Methods: Children 2-18 years of age receiving intravenous VAN in the Children’s Hospital of Philadelphia PICU were enrolled. 3 PK samples were collected during a single steady-state dosing interval in addition to VAN concentrations collected for clinical care. A sample was obtained prior to and during PK sampling for the measurement of CysC and Cr. VAN concentrations, dosing histories, and covariates (age, height, weight, sex, eGFR) were analyzed using nonlinear mixed-effects modeling with NONMEM v7.4. Model evaluation/selection was based on successful convergence, precision of the parameter estimates, the Akaike Information Criteria (AIC), and comparison of goodness-of-fit diagnostic plots of models including Schwartzbed and other published Cr- and CysC-based eGFR equations.

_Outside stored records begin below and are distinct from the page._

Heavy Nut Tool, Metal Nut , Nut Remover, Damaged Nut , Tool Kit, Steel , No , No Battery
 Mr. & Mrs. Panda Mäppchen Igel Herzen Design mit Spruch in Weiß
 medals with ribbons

Results: We enrolled 20 subjects age 12.7 years (range: 3.9-18.2); 6 were female. Median VAN dosing at PK sampling was 57.4 mg/kg/day (range: 26.4-80.1). Median Cr was 0.35 mg/dL (IQR 0.3-0.5) and CysC was 0.5 mg/L (IQR 0.4-0.8); correlation between Cr and CysC was poor (0.24). Population PK data were described by a 2-compartment model with allometric scaling for all parameters. The full age spectrum equation using both Cr and CysC [eGFR = 107.3/((Cr/QCr)*0.5 + (CysC/QCysC)*0.5); QCr and QCysC are normal values for age] as a covariate on CL had the largest reduction in AIC compared to Schwartzbed (ΔAIC -11.571) and provided best model fit. Typical population PK parameters (95% CI) normalized to 70 kg were 0.13 L/min (0.11,0.14), 24.5 L (7.7,41.5), and 0.14 L/min (0.01, 0.28) for CL, V1, and Q, respectively.
Conclusion: Incorporation of eGFR calculated using the Cr and CysC-based full age spectrum equation improved population PK model fit for VAN among critically ill children compared to Schwartzbed. Clinical use of CysC may help estimate VAN CL among critically ill children compared to use of Cr alone.